Carla Beni destaca que, além da estabilização da moeda, o Plano Real reduziu a população considerada miserável de 35% para 22% em dez anos. “Essa população consome a renda com itens básicos, principalmente”, explica a economista, destacando que a estabilização econômica também contribuiu para a legitimidade da dívida pública interna, permitindo financiá-la em reais.
Entretanto, a taxa de câmbio valorizada do início do plano afetou o setor exportador, resultando em um déficit na balança comercial de quase 12 bilhões de dólares entre 1994 e 1998. Este saldo negativo só foi revertido em 2001, quando a taxa de câmbio passou a ser flexível.

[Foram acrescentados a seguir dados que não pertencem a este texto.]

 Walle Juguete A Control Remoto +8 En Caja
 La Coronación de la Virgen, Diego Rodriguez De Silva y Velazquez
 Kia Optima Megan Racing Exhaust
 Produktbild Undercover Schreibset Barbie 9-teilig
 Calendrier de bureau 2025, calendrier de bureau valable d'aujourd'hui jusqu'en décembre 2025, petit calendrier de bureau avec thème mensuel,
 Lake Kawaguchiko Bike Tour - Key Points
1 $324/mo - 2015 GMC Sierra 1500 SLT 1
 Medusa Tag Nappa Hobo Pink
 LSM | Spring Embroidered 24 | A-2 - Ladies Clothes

Hoje, o setor externo dinamiza a economia brasileira, com a balança comercial atingindo um saldo de quase 100 bilhões de dólares em 2023.

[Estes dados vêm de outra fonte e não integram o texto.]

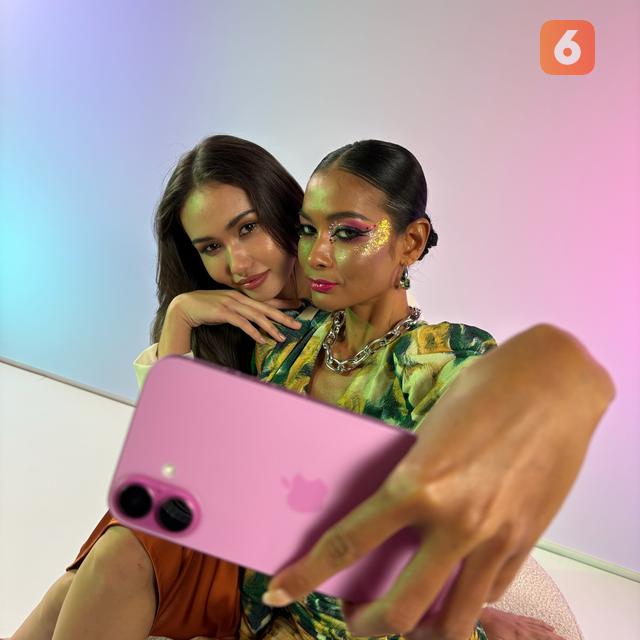 iPhone 16 Plus. Liputan6.com/Iskandar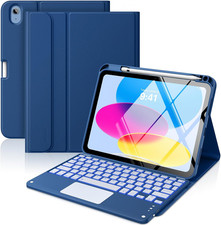 MoKo Touch Keyboard Case for iPad (A16) 11th Generation 11 inch 2025, iPad 10th picture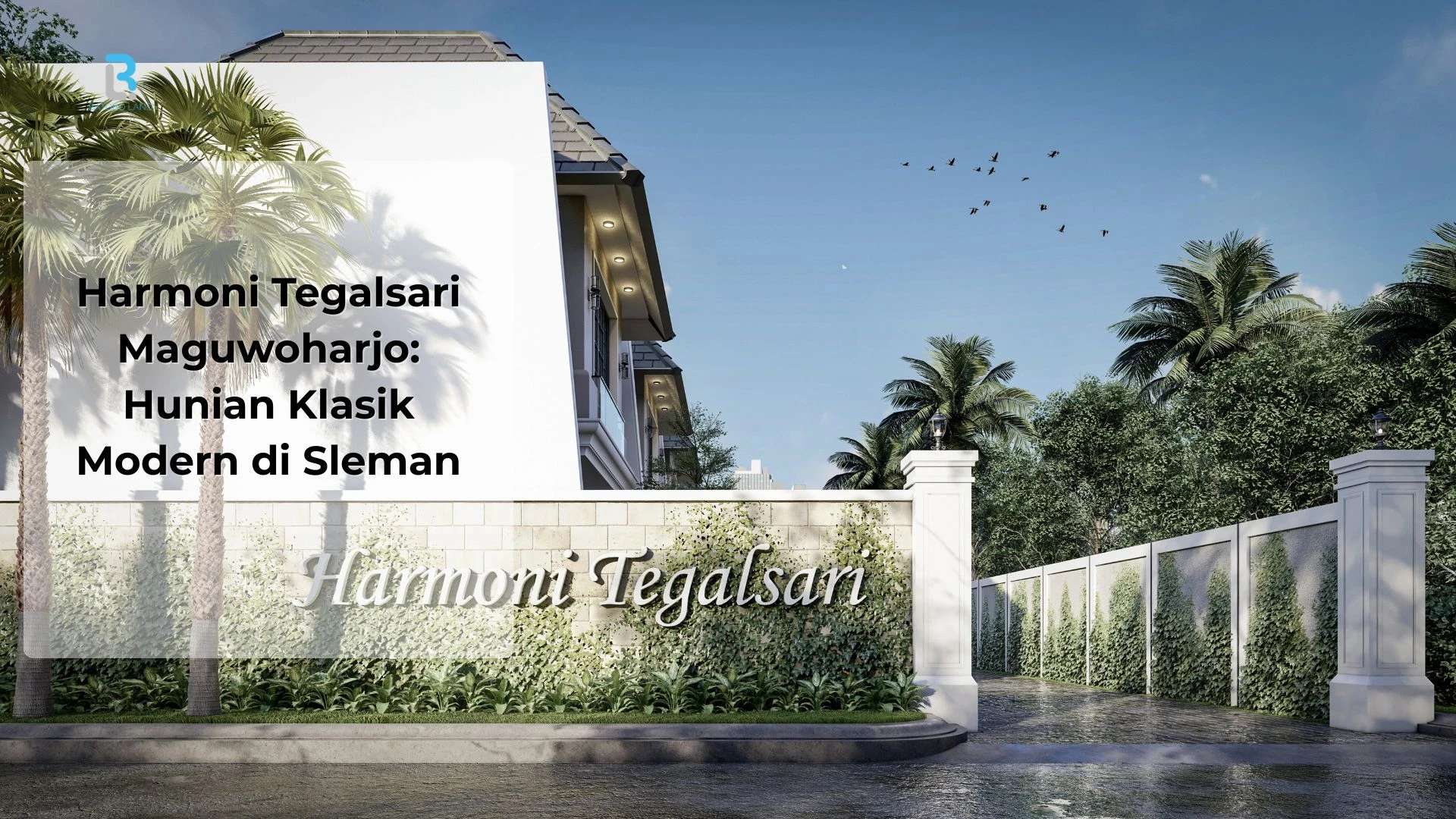 Harmoni Tegalsari Maguwoharjo: Hunian Klasik Modern di Sleman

Passados 30 anos, o legado do Plano Real é o controle da hiperinflação, que ficou no passado dos brasileiros. Embora existam críticas, Carla Beni avalia que não há expectativa nem necessidade de um novo sistema para substituir o atual.
Em 1994, a substituição integral das cédulas exigiu uma operação de produção e distribuição coordenada pelo governo federal. Além da Casa da Moeda, que fabricou todas as notas de R$ 1 e R$ 100, três fornecedores estrangeiros produziram 260 milhões de cédulas de R$ 5, R$ 10 e R$ 50. Durante a implementação, o Movimento das Donas de Casa e outras entidades fiscalizavam os preços para evitar distorções, chegando a organizar boicotes e “escambo doméstico” em Porto Alegre para pressionar a redução dos preços.